Snead doesn't think relocation threat will affect free agency
• By Jim Thomas
http://www.stltoday.com/sports/foot...cle_1bdeccee-ba5a-5cd3-a944-a58dc51e9856.html
The topic of relocation barely came up during the just-completed regular season for the Rams.
About the only time it was a subject of discussion with coach Jeff Fisher and Rams players came in mid-November when Missouri Gov. Jay Nixon announced the formation of a two-man task force – Dave Peacock and Dave Blitz – to press forward with a stadium plan to keep the Rams from heading west to Los Angeles.
Peacock and Blitz announced the St. Louis plan Friday. But the fact that Rams owner Stan Kroenke reached an agreement to build a stadium in Inglewood, Calif., plans that were announced four days earlier, could make the Rams lame ducks in 2015.

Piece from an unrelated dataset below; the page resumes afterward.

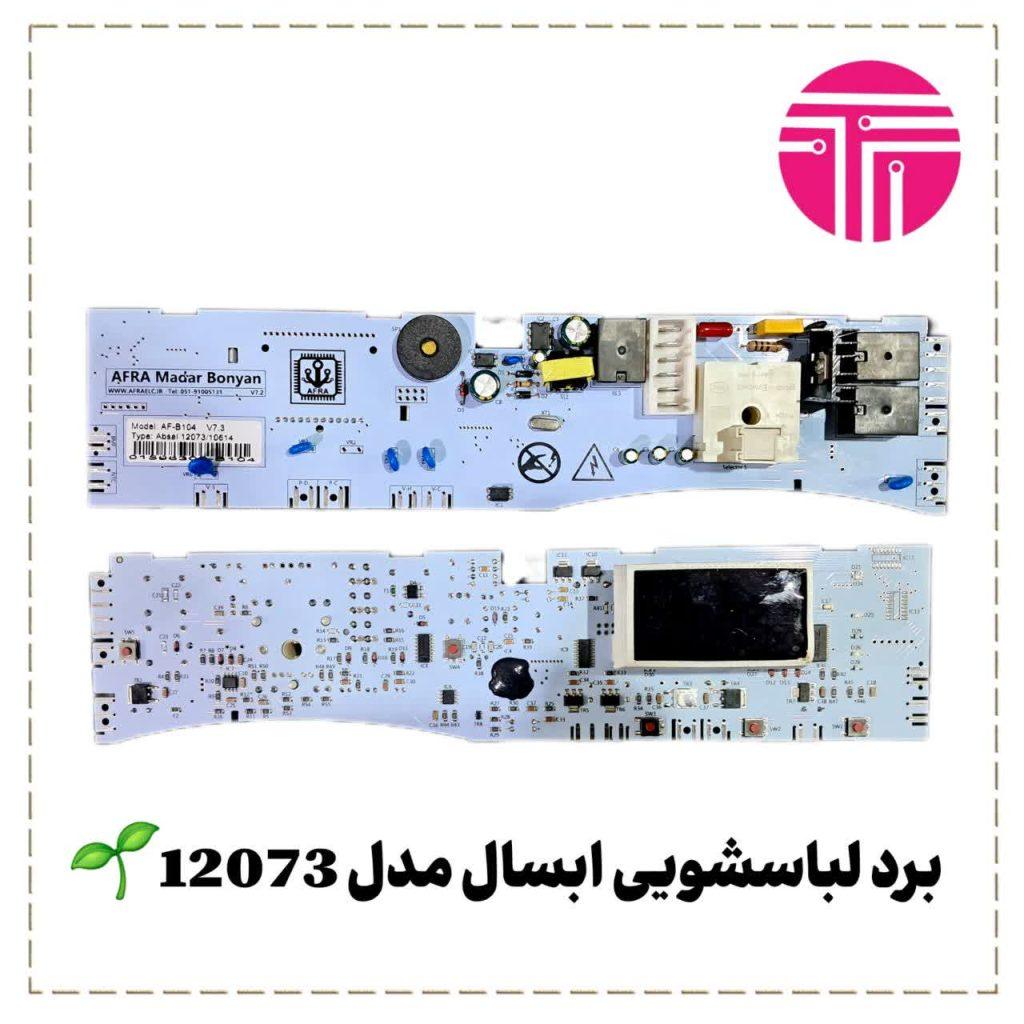 برد لباسشویی فاگور آبسال برانت مدل ۱۰۶۱۴-۱۲۰۷۳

In November, players said almost to a man that the possibility wasn’t a distraction — that they hadn’t really thought about it, and that they were just worried about that week’s game. But by the time they open training camp in 2015, returning players will have had an entire offseason to think about it and wonder what may lie ahead.
Even with the largely positive reaction to the Peacock and Blitz plan in St. Louis, the specter of the Inglewood project will loom over the 2015 season, in the locker room and on the practice field at Rams Park.

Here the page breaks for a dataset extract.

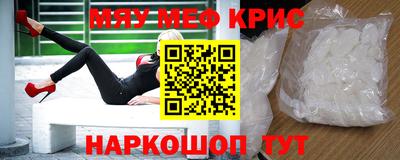 COCAINE Нальчик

Fisher will do his best with the players to avoid making a possible move a distraction. But long before the games begin again for the Rams, it’ll be interesting to see what happens in March when the free agency period begins.
The Rams will have to lure free agents to St. Louis knowing full well the facility they show them may not be the facility they’ll use in 2016.
General manager Les Snead doesn’t think any of that will be an issue once the free agency period begins March 10.
“What you’re finding is, I think as you guys know, money’s No. 1 and it’s usually who’s coaching there next,” Snead told reporters last week.
The actual location of the franchise is a distant third, if that.
“We’ve gotten to this era of free agency where especially with the window of early negotiation, players aren’t taking visits any more,” Snead said.
For the past couple of years, teams are allowed to negotiate with prospective free agents for three days before the actual start of the signing period in March. That’s part of the reason free-agent tours around the country are basically a thing of the past.
That was becoming the case even before the advent of the three-day negotiating period. Players simply ask their peers what the city’s like, what the coach is like, and proceed from there.
So in most cases, at least with the first wave of higher profile free agents, players visit only one place – the city where they’re signing. They go out to dinner with team officials, meet the coaching staff, take a physical and sign the deal.
And let’s face it, many younger, single players might prefer living in Los Angles as opposed to St. Louis. But what about married players, with school-age children? Do they want to pull the kids in and out of school if the team’s here in 2015 and then leaves in another year or two?
Or if they’re from the Midwest, maybe they’d prefer to play here.
“I think with the dynamic that’s going, that particular player, that’d be a good discussion that they would have (with the family),” Snead said.
Then he added with a laugh, “And I betcha they’re not buying a house.”
Maybe they lease or rent instead, be it house, condo, or apartment.
Snead pointed out that many players have a permanent residence – or home base – that isn’t in the city where they earn their living playing football. For those with children, sometimes that means not living with the kids full-time during football season, basically the first semester of the school year.
Perhaps a more telling consequence of potential lame-duck status could be home-field advantage – or lack thereof – once the season starts. What if Rams fans, upset over Kroenke’s apparent intentions to move the team, stay away in droves next season at the Edward Jones Dome?
It might turn out to be a home-field disadvantage if only 30,000 fans are showing up each Sunday at the Dome.
“If you can compare 30,000 with going to Seattle, Seattle’s got a better home-field advantage,” Snead said. “So that’s definitely a possibility.”
If that’s the case in terms of a steep attendance decline, Rams fans could be outnumbered when Chicago and Pittsburgh come to town. Both traditionally have big followings on the road, and both are on the Rams’ 2016 home schedule.
“Whatever your (franchise) status is, if we’re going out and playing good football, I’ve got a gut feeling that as a fan, you’re gonna want to go and enjoy it,” Snead said. “I think from our football perspective we’ve got to take care of (winning), get that done, and then we’ll find out.”
Even in recent seasons, when the Rams have played to some empty seats at home, Snead says the fans who show up have been passionate in support of the team.
There just may not be as many of them next season.